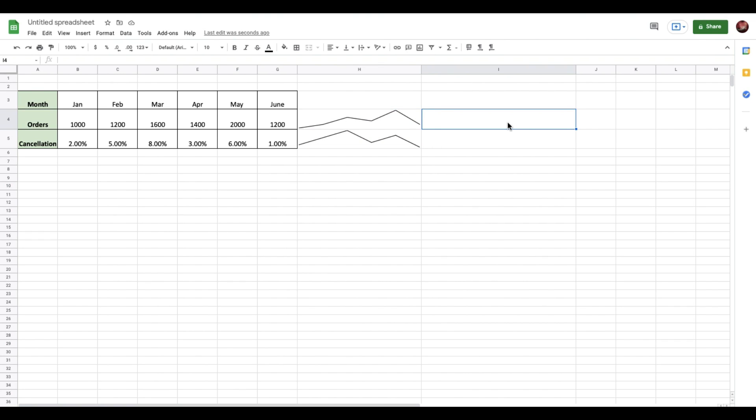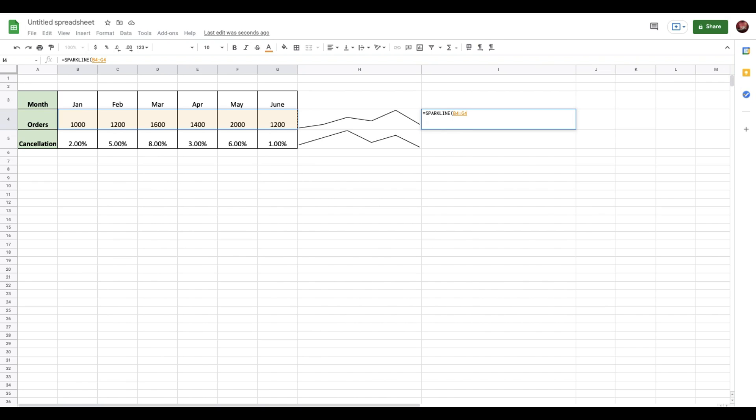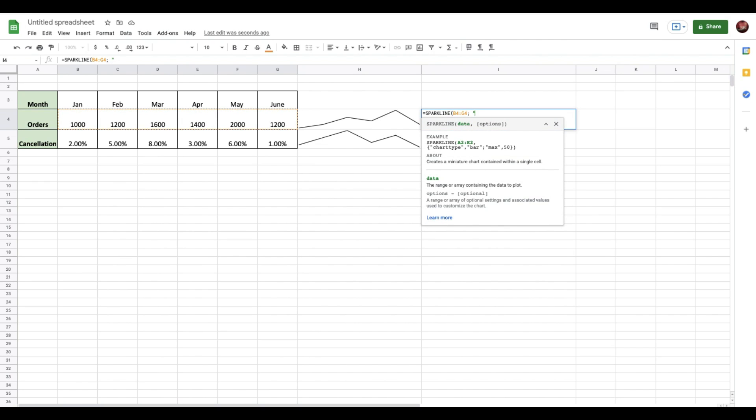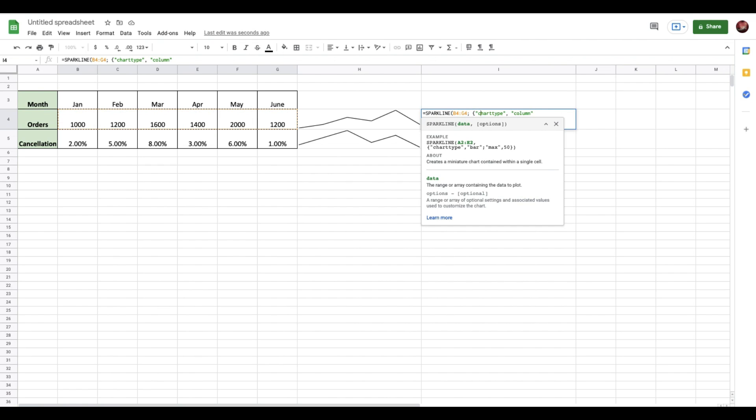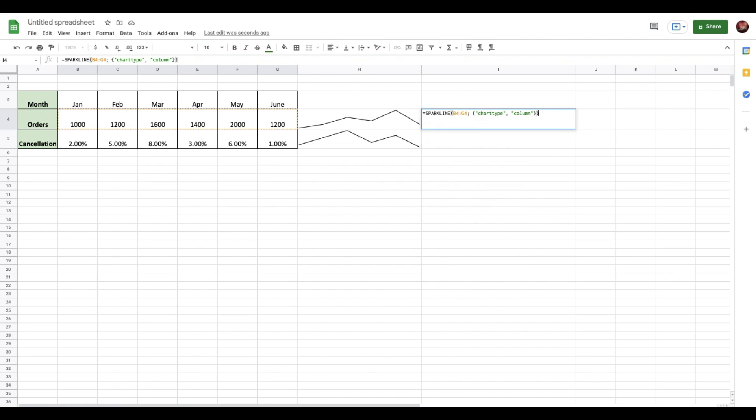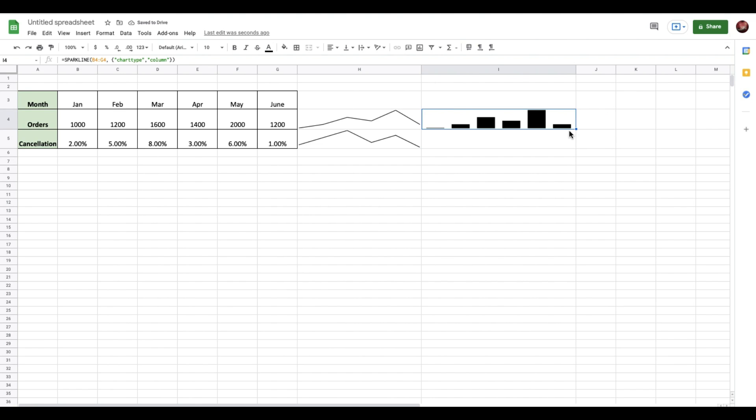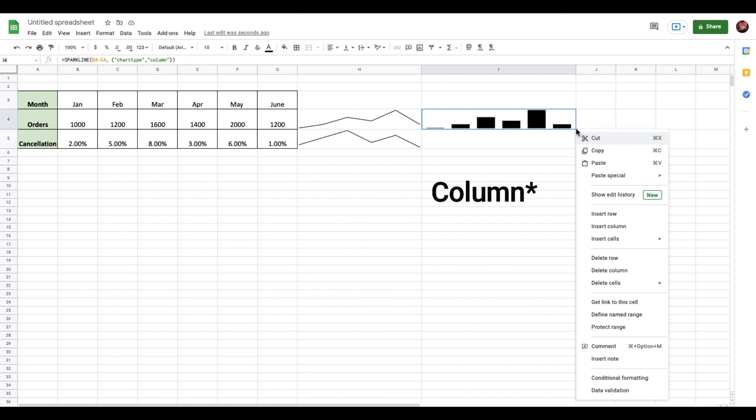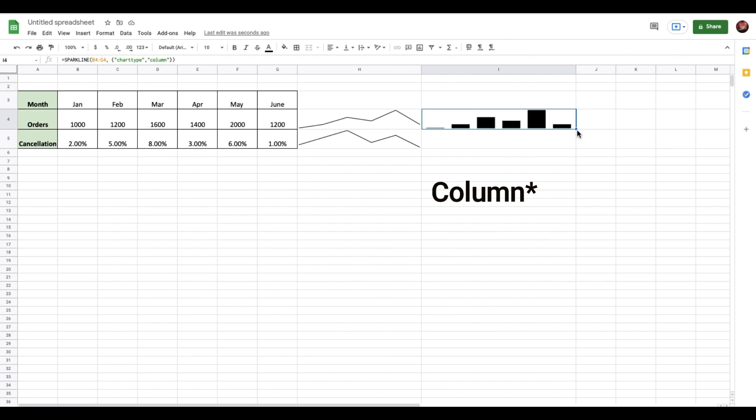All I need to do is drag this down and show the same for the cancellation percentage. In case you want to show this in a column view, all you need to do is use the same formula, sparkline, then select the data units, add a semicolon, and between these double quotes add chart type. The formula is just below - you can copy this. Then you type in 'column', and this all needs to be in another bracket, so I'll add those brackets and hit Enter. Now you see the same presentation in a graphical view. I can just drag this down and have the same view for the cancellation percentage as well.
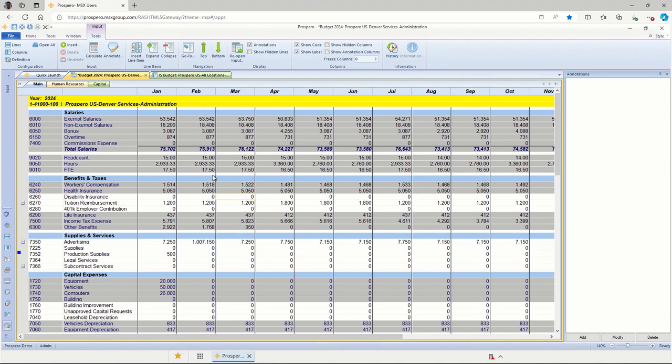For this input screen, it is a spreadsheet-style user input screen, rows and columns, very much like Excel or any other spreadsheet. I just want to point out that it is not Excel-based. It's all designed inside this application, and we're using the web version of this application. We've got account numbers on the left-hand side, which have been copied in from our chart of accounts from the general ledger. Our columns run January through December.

...

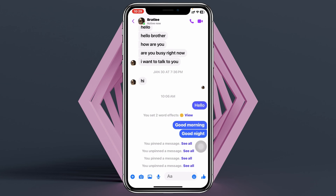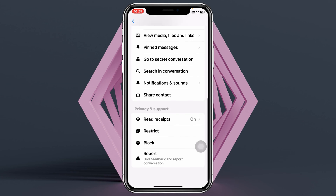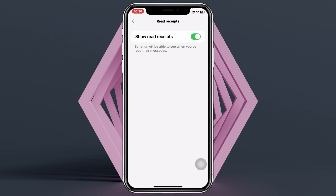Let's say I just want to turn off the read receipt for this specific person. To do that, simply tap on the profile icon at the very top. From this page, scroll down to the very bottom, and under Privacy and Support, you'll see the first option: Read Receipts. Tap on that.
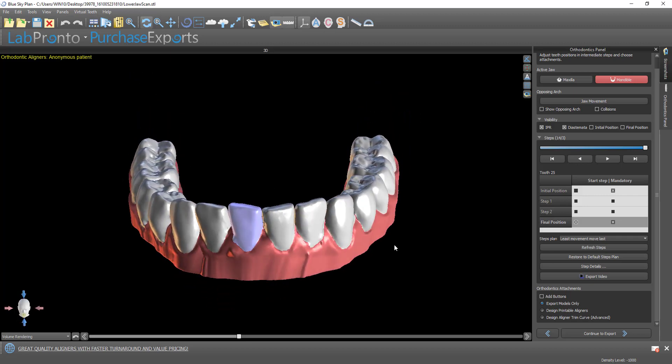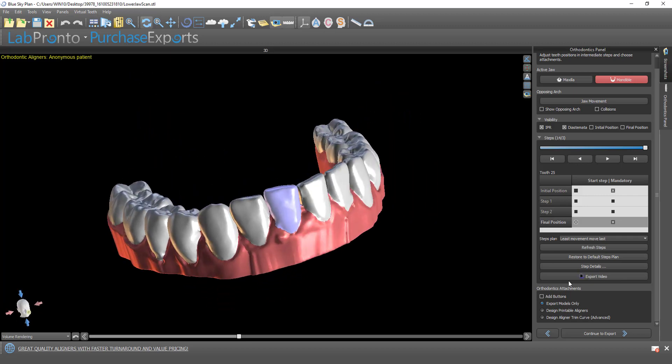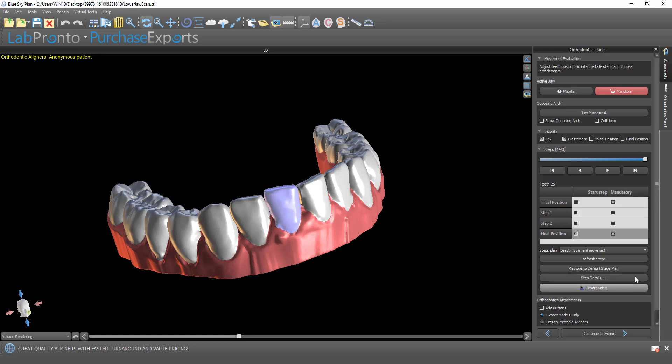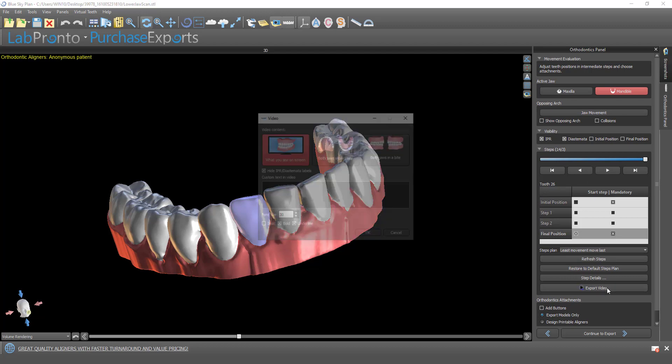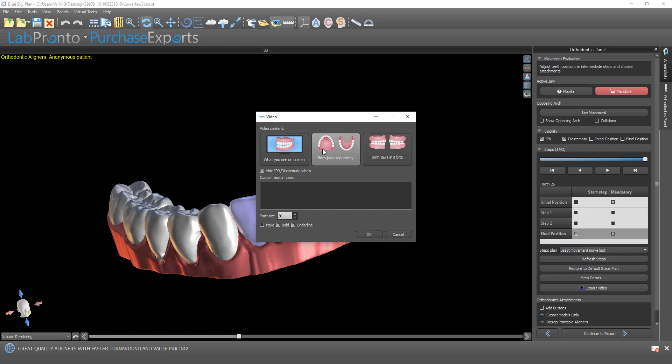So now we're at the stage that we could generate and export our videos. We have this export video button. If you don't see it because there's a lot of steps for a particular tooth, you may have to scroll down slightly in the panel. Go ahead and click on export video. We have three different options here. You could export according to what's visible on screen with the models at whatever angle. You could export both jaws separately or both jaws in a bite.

* _Directions_: Transcribe, word for word, the lines of the listing above from the one that contains "All I need to" through the one that contains "For this input", keeping both ends and dropping the pictures.

* _Answer box_:
All I need to do is drag this down and show the same for the cancellation percentage. In case you want to show this in a column view, all you need to do is use the same formula, sparkline, then select the data units, add a semicolon, and between these double quotes add chart type. The formula is just below - you can copy this. Then you type in 'column', and this all needs to be in another bracket, so I'll add those brackets and hit Enter. Now you see the same presentation in a graphical view. I can just drag this down and have the same view for the cancellation percentage as well.
For this input screen, it is a spreadsheet-style user input screen, rows and columns, very much like Excel or any other spreadsheet. I just want to point out that it is not Excel-based. It's all designed inside this application, and we're using the web version of this application. We've got account numbers on the left-hand side, which have been copied in from our chart of accounts from the general ledger. Our columns run January through December.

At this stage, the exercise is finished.